▶ _What you are asked to do_:
I'd like an exact copy of every line from the start of the entries below through the line containing "1941 NE 186th Dr North Miami Beach, FL 33179", please.

▶ _Task material_:
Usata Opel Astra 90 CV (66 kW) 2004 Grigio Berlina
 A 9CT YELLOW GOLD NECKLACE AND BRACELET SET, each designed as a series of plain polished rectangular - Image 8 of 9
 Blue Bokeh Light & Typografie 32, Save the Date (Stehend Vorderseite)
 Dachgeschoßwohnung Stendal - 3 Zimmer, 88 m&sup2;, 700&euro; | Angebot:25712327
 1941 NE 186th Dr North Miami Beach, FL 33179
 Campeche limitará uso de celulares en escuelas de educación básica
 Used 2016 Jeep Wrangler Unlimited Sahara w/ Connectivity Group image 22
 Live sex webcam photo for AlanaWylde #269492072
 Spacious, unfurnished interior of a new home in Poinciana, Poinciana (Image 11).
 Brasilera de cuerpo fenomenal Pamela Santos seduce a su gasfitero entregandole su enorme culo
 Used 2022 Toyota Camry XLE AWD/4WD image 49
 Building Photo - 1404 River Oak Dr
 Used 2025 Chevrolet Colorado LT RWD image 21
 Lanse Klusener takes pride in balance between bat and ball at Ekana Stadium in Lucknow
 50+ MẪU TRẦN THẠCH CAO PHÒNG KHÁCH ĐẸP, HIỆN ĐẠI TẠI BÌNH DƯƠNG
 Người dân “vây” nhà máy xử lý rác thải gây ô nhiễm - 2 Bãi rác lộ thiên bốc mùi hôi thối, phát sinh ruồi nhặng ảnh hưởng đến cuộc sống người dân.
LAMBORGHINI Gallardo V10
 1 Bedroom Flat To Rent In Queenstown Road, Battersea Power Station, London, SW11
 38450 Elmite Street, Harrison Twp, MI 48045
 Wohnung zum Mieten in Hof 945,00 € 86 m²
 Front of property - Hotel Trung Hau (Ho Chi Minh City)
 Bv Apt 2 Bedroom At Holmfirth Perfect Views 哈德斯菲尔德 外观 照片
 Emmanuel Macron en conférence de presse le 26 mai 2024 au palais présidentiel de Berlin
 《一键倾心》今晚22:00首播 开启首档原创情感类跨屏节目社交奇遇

▶ _Solution_:
Usata Opel Astra 90 CV (66 kW) 2004 Grigio Berlina
 A 9CT YELLOW GOLD NECKLACE AND BRACELET SET, each designed as a series of plain polished rectangular - Image 8 of 9
 Blue Bokeh Light & Typografie 32, Save the Date (Stehend Vorderseite)
 Dachgeschoßwohnung Stendal - 3 Zimmer, 88 m&sup2;, 700&euro; | Angebot:25712327
 1941 NE 186th Dr North Miami Beach, FL 33179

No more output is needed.